• [TASK DIRECTIONS]: Could you please transcribe the data exactly, without the pictures?

DATA SECTION START

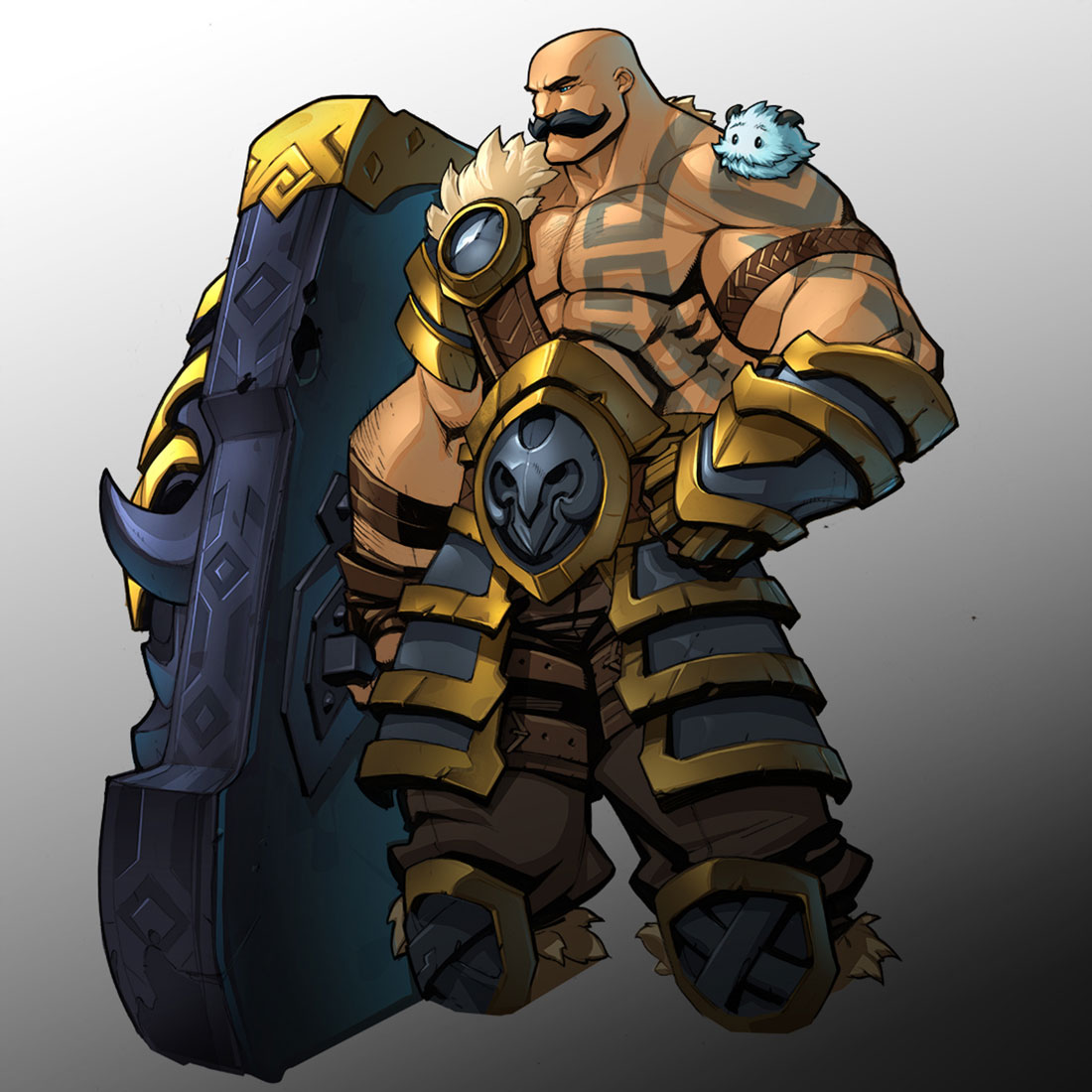 digital painting or illustration of a strong, muscular, bald barbarian warrior with a mustache and tattoos. he's wearing golden and blue armor, carrying a large dark blue shield with golden details. a small, light blue creature is perched on his shoulder. the style is cartoonish and fantasyoriented, suitable for a game character or artwork. the image is highly detailed and wellexecuted.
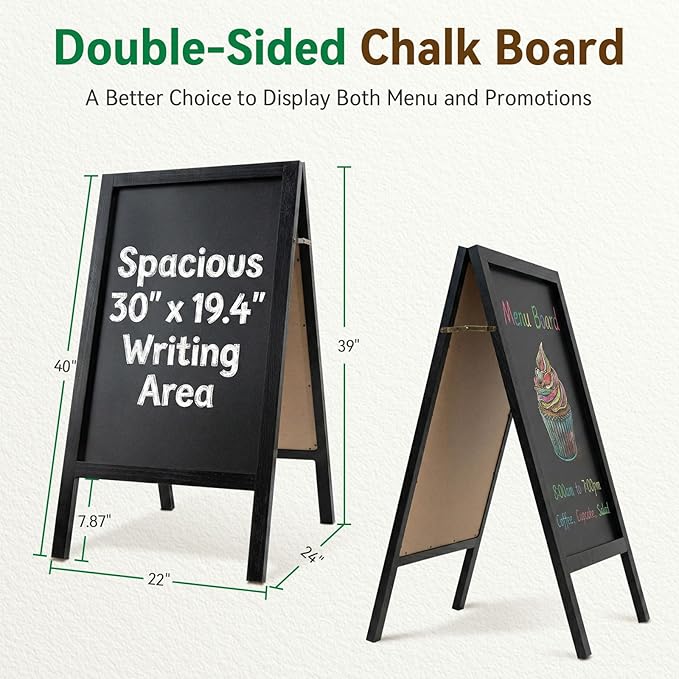 TEAKMAMA A Frame Chalkboard Sign, 40"x20" Extra Large Chalk Board Double-Sided Sidewalk Sign Sturdy Sandwich Menu Board for Restaurant Coffee Shop and Wedding, Black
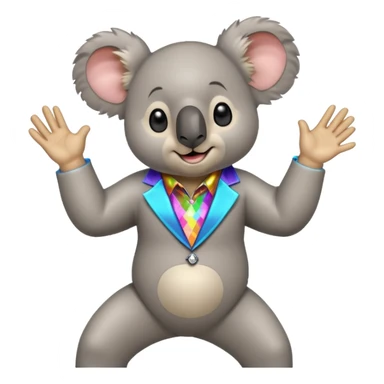 A koala in disco clothes, dancing enthusiastically, portrait, bust up sticker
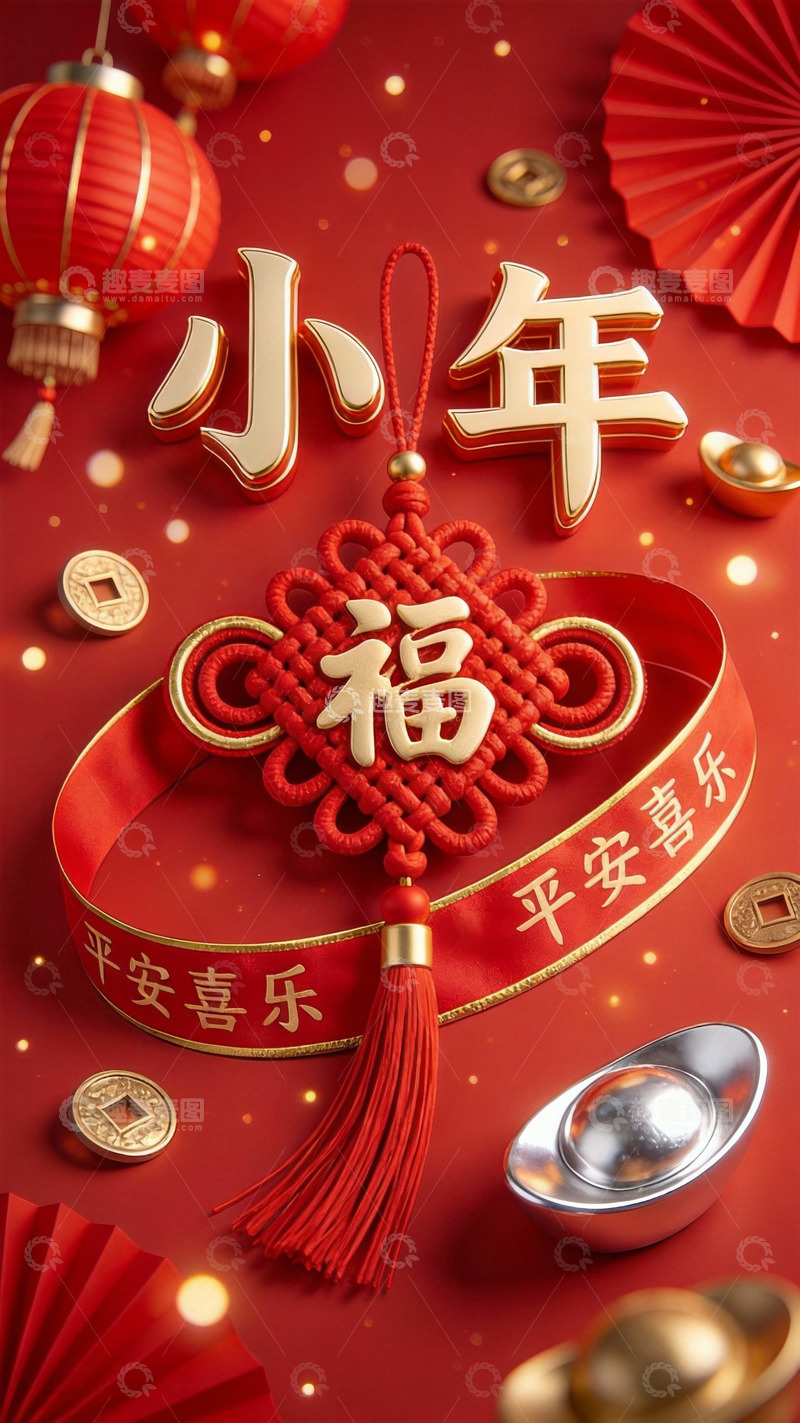 高清大图下载【趣麦麦图】小年福字海报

DATA SECTION END

• [OUTPUT OF THE EXERCISE]:
 digital painting or illustration of a strong, muscular, bald barbarian warrior with a mustache and tattoos. he's wearing golden and blue armor, carrying a large dark blue shield with golden details. a small, light blue creature is perched on his shoulder. the style is cartoonish and fantasyoriented, suitable for a game character or artwork. the image is highly detailed and wellexecuted.
 TEAKMAMA A Frame Chalkboard Sign, 40"x20" Extra Large Chalk Board Double-Sided Sidewalk Sign Sturdy Sandwich Menu Board for Restaurant Coffee Shop and Wedding, Black
 A koala in disco clothes, dancing enthusiastically, portrait, bust up sticker
 高清大图下载【趣麦麦图】小年福字海报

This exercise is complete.